### Instructions to follow
Under this line is a listing; return exactly the lines starting at the one with "la galaxy gặp câu lạc bộ bóng đá charlotte" and running down to the one with "Couture broach", and leave out its pictures.

### Listed records
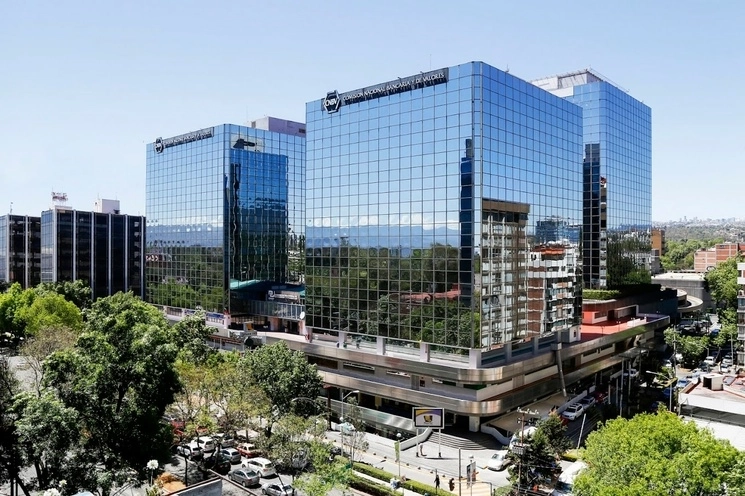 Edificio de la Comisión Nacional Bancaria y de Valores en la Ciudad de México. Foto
---
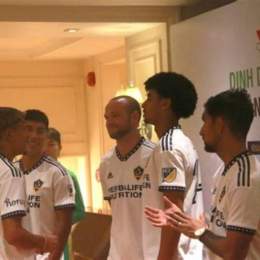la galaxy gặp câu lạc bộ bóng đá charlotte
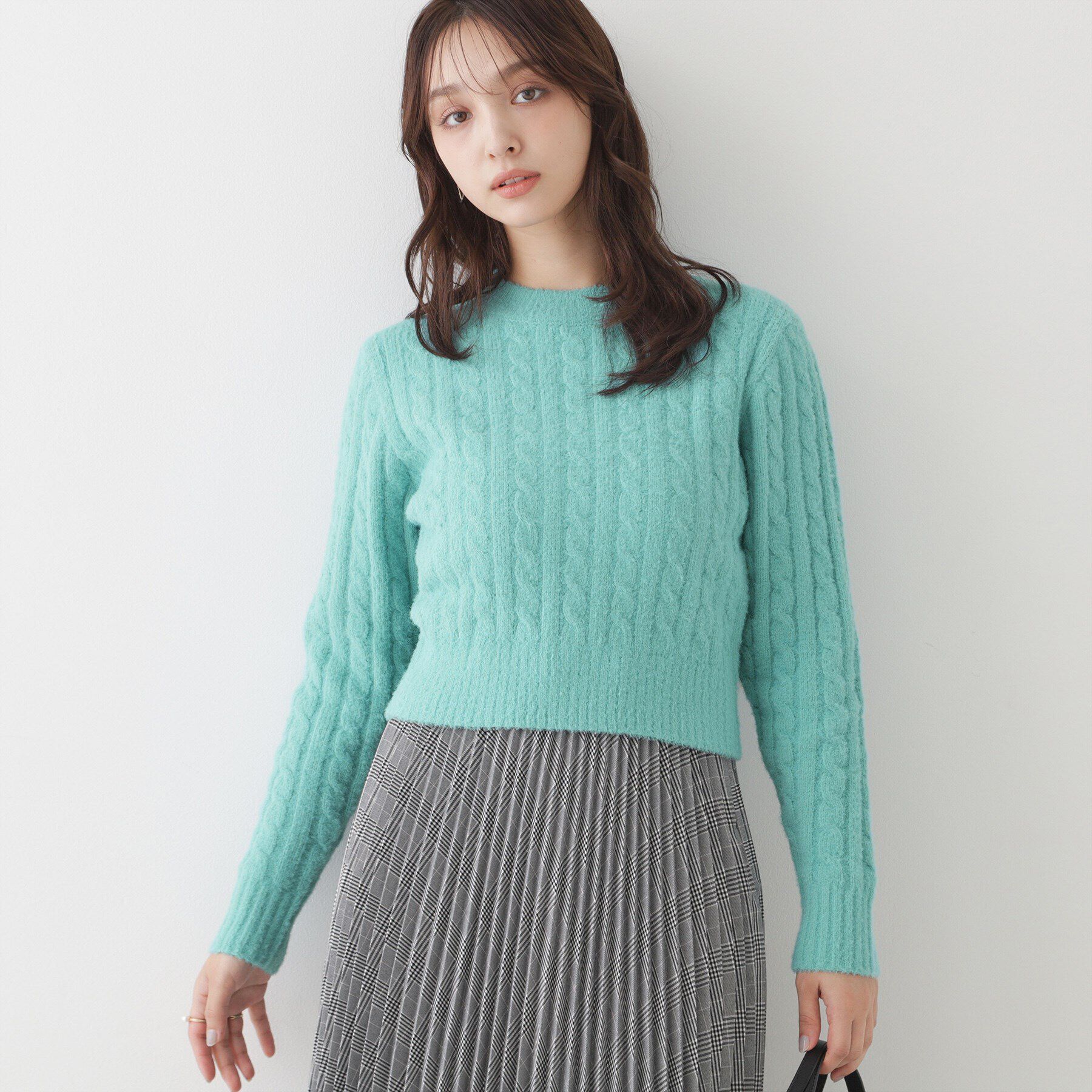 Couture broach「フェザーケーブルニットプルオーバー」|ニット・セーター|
...
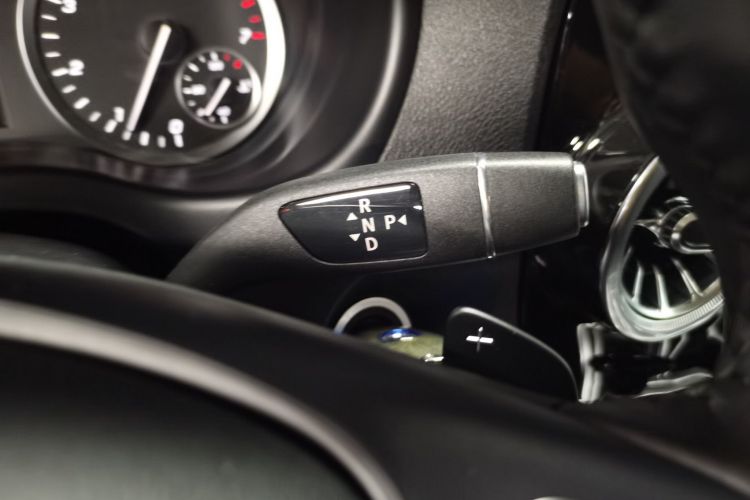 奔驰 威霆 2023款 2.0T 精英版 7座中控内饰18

### Completed exercise
la galaxy gặp câu lạc bộ bóng đá charlotte
 Couture broach「フェザーケーブルニットプルオーバー」|ニット・セーター|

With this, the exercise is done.